Discussion of ICWS-86 and ICWS-88
Newsgroups: rec.games.corewar
From: (Mark A. Durham)
Subject: Intro to Redcode Part I
Organization: Rice University, Houston, TX
Date: Thu, 14 Nov 1991 09:41:37 GMT
Introduction to Redcode
------
I. Preface - Reader Beware! { Part I }
II. Notation { Part I }
III. MARS Peculiarities { Part I }
IV. Address Modes { Part II }
V. Instruction Set { Part II }
------
I. Preface - Reader Beware!
The name "Core War" arguably can be claimed as public domain.
Thus, any program can pass itself off as an implementation of Core
War. Ideally, one would like to write a Redcode program on one system
and know that it will run in exactly the same manner on every other
system. Alas, this is not the case.
Basically, Core War systems fall under one of four catagories:
Non-ICWS, ICWS'86, ICWS'88, or Extended. Non-ICWS systems are usually
a variant of Core War as described by A. K. Dewdney in his "Computer
Recreations" articles appearing in Scientific American. ICWS'86 and
ICWS'88 systems conform to the standards set out by the International
Core War Society in their standards of 1986 and 1988, respectively.
Extended systems generally support ICWS'86, ICWS'88, and proprietary
extensions to those standards. I will discuss frequently common
extensions as if they were available on all Extended systems (which
they most certainly are not).
I will not describe Non-ICWS systems in this article. Most Non-
ICWS systems will be easily understood if you understand the systems
described in this article however. Although called "standards",
ICWS'86 and ICWS'88 (to a lesser extent) both suffer from ambiguities
and extra-standard issues which I will try to address.
This is where the reader should beware. Because almost any
interpretation of the standard(s) is as valid as any other, I
naturally prefer MY interpretation. I will try to point out other
common interpretations when ambiguities arise though, and I will
clearly indicate what is interpretation (mine or otherwise) as such.
You have been warned!
------
II. Notation
"86:" will indicate an ICWS'86 feature. "88:" will indicate an
ICWS'88 feature. "X:" will indicate an Extended feature. "Durham:"
will indicate my biased interpretation. "Other:" will indicate
interpretations adhered to by others. "Commentary:" is me explaining
what I am doing and why. "Editorial:" is me railing for or against
certain usages.
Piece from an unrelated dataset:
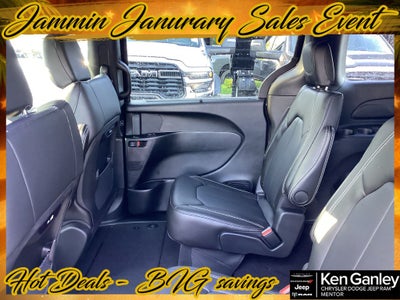 2026 Chrysler Pacifica PACIFICA SELECT AWD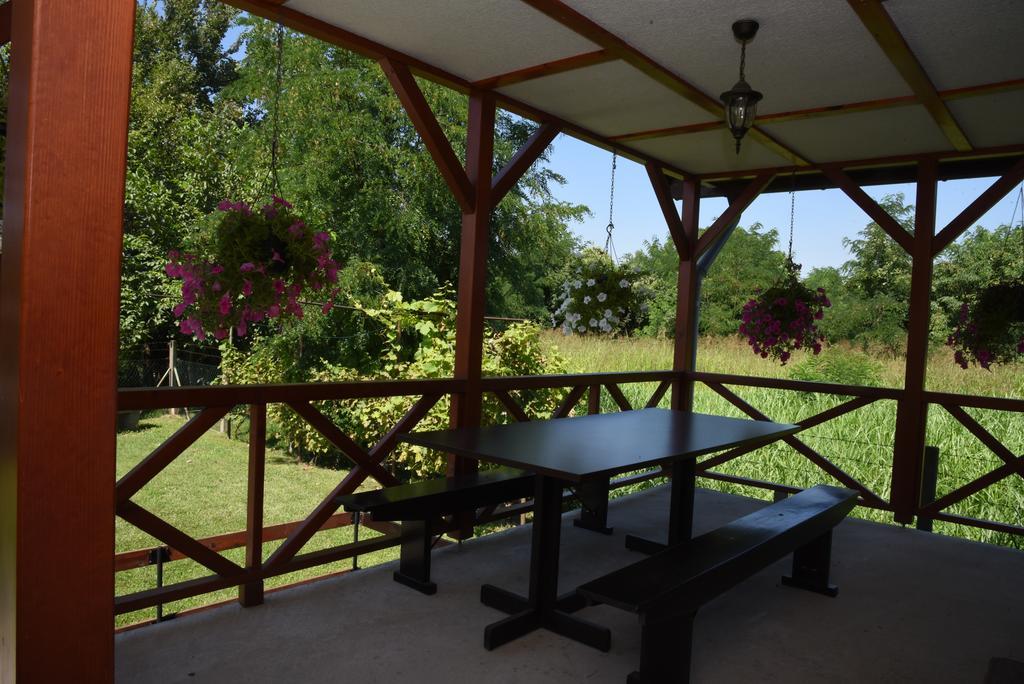 Holiday Home Kucica Na Drvetu Banja Koviljača Buitenkant foto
Items without colon-suffixed prefaces can be
considered universal.
Redcode consists of assembly language instructions of the form
<label> <opcode> <A-mode<A-field>, <B-mode<B-field> <comment>
An example Recode program:
; Imp
; by A. K. Dewdney
;
imp MOV imp, imp+1 ; This program copies itself ahead one
END ; instruction and moves through memory.
The <label> is optional.
86: <label> begins in the first column, is one to eight characters
long, beginning with an alphabetic character and consisting
entirely of alphanumerals. Case is ignored ("abc" is equivalent
to "ABC").
88: <label> as above, except length is not limited and case is not
addressed. Only the first eight characters are considered
significant.
X: <label> can be preceded by any amount of whitespace (spaces, tabs,
and newlines), consists of any number of significant alphanumerals
but must start with an alphabetic, and case is significant ("abc"
is different from "ABC").
Commentary: I will always use lowercase letters for labels to
distinguish labels from opcodes and family operands.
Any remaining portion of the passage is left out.